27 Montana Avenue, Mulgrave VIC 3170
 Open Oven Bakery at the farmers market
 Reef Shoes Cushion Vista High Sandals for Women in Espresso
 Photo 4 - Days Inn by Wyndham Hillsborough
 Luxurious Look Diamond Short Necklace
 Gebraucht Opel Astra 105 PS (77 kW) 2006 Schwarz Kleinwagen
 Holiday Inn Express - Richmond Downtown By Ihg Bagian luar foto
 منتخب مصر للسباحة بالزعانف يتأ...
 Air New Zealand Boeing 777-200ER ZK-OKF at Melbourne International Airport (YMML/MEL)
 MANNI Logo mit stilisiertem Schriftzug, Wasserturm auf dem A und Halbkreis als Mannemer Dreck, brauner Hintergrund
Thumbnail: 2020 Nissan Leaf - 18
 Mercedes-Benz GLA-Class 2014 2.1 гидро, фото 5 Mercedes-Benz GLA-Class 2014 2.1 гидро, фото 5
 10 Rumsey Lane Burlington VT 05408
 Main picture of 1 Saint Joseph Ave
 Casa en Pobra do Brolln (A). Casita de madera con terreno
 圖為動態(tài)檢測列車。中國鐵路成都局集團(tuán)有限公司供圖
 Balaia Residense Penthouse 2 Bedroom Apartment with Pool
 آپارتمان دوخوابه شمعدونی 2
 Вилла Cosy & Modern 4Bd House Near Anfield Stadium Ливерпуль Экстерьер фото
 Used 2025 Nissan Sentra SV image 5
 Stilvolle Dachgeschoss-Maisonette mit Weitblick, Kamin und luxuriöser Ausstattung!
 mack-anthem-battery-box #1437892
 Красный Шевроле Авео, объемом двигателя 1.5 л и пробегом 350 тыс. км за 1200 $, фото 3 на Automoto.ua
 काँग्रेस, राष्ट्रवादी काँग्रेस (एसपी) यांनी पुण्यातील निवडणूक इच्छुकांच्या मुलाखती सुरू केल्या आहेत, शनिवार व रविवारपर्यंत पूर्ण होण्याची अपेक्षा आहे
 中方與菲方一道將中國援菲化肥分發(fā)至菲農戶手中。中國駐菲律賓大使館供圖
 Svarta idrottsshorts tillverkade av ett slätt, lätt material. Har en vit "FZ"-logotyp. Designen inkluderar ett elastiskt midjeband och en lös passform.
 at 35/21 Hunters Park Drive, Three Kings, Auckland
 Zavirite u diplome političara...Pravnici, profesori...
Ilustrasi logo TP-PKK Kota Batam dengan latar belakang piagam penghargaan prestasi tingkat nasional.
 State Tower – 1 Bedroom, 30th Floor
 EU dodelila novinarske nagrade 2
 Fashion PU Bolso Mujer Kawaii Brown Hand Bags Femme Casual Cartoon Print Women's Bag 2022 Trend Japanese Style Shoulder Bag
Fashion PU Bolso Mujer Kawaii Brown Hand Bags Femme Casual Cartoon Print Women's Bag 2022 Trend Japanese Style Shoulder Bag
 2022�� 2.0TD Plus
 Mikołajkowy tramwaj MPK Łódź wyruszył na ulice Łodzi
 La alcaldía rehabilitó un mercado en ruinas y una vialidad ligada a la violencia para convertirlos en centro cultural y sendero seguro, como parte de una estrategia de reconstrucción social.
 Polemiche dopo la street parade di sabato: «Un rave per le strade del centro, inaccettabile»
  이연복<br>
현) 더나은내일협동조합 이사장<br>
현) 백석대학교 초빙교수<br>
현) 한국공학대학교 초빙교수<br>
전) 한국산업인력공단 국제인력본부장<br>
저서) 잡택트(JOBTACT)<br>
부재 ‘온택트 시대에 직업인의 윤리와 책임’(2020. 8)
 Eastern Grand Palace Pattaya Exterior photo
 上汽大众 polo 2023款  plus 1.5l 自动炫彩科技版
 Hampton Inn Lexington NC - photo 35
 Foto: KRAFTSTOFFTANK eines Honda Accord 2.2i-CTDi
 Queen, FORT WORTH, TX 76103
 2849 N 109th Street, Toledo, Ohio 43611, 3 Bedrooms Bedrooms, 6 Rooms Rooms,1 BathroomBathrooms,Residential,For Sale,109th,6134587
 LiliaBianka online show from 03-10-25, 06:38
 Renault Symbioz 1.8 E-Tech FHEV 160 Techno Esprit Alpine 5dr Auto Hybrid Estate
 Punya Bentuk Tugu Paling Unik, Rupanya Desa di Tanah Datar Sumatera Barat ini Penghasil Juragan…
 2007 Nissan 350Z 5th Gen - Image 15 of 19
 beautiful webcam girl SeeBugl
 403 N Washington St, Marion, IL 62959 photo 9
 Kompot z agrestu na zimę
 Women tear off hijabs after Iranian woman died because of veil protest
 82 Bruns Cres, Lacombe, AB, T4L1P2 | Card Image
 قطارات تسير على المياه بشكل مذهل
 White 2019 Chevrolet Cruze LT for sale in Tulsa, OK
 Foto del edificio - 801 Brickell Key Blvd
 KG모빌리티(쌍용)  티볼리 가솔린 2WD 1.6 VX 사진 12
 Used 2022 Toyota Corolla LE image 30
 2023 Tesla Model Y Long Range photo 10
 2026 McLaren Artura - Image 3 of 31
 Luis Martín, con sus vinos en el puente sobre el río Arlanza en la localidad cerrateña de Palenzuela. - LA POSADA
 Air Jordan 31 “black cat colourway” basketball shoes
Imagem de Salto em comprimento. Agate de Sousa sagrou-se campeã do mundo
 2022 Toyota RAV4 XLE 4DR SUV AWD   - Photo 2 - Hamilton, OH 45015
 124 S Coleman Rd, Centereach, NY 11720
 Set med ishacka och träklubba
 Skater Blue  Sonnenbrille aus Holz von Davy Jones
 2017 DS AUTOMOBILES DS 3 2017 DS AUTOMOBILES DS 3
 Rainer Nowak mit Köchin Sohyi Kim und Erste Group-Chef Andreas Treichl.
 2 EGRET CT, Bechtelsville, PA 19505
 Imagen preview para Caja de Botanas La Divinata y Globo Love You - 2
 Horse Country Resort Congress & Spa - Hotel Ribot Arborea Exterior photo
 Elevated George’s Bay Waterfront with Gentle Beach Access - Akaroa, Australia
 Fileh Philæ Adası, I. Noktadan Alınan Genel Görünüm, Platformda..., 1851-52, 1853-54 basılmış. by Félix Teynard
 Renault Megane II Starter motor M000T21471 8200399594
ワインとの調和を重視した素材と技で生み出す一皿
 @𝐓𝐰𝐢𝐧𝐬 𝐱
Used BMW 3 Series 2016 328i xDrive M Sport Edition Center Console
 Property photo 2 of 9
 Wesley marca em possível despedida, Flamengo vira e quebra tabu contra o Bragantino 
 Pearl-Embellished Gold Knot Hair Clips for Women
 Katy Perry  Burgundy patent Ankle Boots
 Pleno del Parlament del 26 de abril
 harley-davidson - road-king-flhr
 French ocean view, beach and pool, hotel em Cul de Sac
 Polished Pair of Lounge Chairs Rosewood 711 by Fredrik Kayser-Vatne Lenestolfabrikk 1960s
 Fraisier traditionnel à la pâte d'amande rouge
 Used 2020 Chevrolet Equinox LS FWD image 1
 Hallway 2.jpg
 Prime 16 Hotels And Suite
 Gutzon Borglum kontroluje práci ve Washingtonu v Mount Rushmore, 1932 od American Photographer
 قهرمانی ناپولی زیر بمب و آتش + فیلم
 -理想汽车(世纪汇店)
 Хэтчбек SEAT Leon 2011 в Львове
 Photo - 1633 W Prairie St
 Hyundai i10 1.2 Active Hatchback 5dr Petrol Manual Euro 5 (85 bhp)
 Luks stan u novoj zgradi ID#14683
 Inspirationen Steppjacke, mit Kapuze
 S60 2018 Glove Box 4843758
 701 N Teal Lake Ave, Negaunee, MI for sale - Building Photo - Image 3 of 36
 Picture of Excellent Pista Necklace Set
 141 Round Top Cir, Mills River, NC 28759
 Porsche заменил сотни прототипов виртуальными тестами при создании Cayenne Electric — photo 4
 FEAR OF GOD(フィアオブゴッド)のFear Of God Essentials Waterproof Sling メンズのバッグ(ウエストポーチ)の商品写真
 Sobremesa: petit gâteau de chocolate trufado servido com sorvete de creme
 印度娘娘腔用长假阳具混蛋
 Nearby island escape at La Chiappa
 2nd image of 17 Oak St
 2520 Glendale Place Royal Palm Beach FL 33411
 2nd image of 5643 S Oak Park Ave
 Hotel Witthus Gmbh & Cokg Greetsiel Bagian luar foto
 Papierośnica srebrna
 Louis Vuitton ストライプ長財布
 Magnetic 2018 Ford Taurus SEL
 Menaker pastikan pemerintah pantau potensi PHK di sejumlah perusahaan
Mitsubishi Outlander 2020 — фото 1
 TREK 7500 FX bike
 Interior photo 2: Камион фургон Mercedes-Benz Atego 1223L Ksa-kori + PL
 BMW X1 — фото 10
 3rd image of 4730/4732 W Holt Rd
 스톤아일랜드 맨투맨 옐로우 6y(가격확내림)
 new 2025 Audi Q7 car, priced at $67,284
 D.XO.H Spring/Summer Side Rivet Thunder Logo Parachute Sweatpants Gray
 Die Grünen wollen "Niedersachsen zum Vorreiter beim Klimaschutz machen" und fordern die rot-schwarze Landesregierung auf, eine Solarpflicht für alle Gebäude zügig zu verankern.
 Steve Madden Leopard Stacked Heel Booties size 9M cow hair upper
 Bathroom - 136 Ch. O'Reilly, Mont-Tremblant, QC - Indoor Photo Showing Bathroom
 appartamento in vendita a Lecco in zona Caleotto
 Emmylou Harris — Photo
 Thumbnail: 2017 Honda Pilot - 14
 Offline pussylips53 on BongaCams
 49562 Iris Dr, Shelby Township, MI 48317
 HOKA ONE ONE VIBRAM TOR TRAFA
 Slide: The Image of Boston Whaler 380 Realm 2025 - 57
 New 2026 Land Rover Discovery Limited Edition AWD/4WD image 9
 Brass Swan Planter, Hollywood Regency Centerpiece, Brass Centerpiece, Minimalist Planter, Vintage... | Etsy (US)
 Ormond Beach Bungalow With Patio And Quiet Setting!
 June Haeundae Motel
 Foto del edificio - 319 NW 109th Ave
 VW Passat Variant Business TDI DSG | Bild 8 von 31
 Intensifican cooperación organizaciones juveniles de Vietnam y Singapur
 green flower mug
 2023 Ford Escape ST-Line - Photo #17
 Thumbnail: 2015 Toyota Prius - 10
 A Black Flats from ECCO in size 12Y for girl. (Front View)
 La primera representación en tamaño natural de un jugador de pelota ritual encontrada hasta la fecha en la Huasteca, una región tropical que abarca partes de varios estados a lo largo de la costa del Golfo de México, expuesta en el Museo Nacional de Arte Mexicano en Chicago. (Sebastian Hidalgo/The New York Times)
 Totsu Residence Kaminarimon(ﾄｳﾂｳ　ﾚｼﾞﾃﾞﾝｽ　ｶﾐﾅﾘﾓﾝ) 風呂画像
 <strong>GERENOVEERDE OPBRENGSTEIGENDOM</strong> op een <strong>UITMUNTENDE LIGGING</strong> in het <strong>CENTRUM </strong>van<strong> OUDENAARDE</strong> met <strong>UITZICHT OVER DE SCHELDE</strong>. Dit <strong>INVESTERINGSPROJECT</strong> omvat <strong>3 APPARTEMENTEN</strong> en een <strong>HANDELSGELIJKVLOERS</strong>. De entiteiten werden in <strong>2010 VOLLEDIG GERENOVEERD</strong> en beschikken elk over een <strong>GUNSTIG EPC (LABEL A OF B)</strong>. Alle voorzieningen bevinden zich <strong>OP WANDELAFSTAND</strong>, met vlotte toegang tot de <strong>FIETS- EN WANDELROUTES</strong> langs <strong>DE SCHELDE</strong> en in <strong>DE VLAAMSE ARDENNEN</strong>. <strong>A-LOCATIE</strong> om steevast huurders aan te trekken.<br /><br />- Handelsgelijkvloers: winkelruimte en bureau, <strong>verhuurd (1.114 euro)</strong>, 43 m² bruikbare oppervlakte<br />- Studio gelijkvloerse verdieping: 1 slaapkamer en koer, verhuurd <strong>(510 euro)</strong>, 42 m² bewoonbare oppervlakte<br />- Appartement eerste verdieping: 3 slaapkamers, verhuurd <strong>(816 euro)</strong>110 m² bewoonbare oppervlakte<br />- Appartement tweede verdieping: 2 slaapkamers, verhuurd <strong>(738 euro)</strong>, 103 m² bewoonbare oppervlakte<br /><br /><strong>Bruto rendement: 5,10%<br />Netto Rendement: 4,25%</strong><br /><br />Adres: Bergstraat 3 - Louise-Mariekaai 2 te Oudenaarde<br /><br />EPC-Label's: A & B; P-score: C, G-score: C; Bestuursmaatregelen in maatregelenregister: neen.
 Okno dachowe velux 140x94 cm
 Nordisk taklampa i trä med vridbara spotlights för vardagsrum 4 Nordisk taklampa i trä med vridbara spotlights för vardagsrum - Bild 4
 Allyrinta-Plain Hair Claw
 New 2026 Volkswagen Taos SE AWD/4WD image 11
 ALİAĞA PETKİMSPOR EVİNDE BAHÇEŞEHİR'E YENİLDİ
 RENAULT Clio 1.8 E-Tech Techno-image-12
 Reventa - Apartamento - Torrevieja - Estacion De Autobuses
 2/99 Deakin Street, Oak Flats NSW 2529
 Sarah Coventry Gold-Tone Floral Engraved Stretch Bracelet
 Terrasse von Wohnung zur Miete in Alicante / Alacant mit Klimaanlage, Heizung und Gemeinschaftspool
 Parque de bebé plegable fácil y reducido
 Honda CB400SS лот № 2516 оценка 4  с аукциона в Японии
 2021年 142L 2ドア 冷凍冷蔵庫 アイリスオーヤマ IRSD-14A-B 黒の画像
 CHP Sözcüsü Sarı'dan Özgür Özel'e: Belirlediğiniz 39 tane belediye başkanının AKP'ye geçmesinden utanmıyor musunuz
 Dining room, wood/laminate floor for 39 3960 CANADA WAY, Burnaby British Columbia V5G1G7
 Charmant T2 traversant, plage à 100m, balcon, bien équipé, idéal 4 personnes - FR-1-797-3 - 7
·····
Of the lines above, retype only those from the line containing "2022�� 2.0TD Plus" through the line containing "Rainer Nowak mit", including both, exactly.

 2022�� 2.0TD Plus
 Mikołajkowy tramwaj MPK Łódź wyruszył na ulice Łodzi
 La alcaldía rehabilitó un mercado en ruinas y una vialidad ligada a la violencia para convertirlos en centro cultural y sendero seguro, como parte de una estrategia de reconstrucción social.
 Polemiche dopo la street parade di sabato: «Un rave per le strade del centro, inaccettabile»
  이연복<br>
현) 더나은내일협동조합 이사장<br>
현) 백석대학교 초빙교수<br>
현) 한국공학대학교 초빙교수<br>
전) 한국산업인력공단 국제인력본부장<br>
저서) 잡택트(JOBTACT)<br>
부재 ‘온택트 시대에 직업인의 윤리와 책임’(2020. 8)
 Eastern Grand Palace Pattaya Exterior photo
 上汽大众 polo 2023款  plus 1.5l 自动炫彩科技版
 Hampton Inn Lexington NC - photo 35
 Foto: KRAFTSTOFFTANK eines Honda Accord 2.2i-CTDi
 Queen, FORT WORTH, TX 76103
 2849 N 109th Street, Toledo, Ohio 43611, 3 Bedrooms Bedrooms, 6 Rooms Rooms,1 BathroomBathrooms,Residential,For Sale,109th,6134587
 LiliaBianka online show from 03-10-25, 06:38
 Renault Symbioz 1.8 E-Tech FHEV 160 Techno Esprit Alpine 5dr Auto Hybrid Estate
 Punya Bentuk Tugu Paling Unik, Rupanya Desa di Tanah Datar Sumatera Barat ini Penghasil Juragan…
 2007 Nissan 350Z 5th Gen - Image 15 of 19
 beautiful webcam girl SeeBugl
 403 N Washington St, Marion, IL 62959 photo 9
 Kompot z agrestu na zimę
 Women tear off hijabs after Iranian woman died because of veil protest
 82 Bruns Cres, Lacombe, AB, T4L1P2 | Card Image
 قطارات تسير على المياه بشكل مذهل
 White 2019 Chevrolet Cruze LT for sale in Tulsa, OK
 Foto del edificio - 801 Brickell Key Blvd
 KG모빌리티(쌍용)  티볼리 가솔린 2WD 1.6 VX 사진 12
 Used 2022 Toyota Corolla LE image 30
 2023 Tesla Model Y Long Range photo 10
 2026 McLaren Artura - Image 3 of 31
 Luis Martín, con sus vinos en el puente sobre el río Arlanza en la localidad cerrateña de Palenzuela. - LA POSADA
 Air Jordan 31 “black cat colourway” basketball shoes
Imagem de Salto em comprimento. Agate de Sousa sagrou-se campeã do mundo
 2022 Toyota RAV4 XLE 4DR SUV AWD   - Photo 2 - Hamilton, OH 45015
 124 S Coleman Rd, Centereach, NY 11720
 Set med ishacka och träklubba
 Skater Blue  Sonnenbrille aus Holz von Davy Jones
 2017 DS AUTOMOBILES DS 3 2017 DS AUTOMOBILES DS 3
 Rainer Nowak mit Köchin Sohyi Kim und Erste Group-Chef Andreas Treichl.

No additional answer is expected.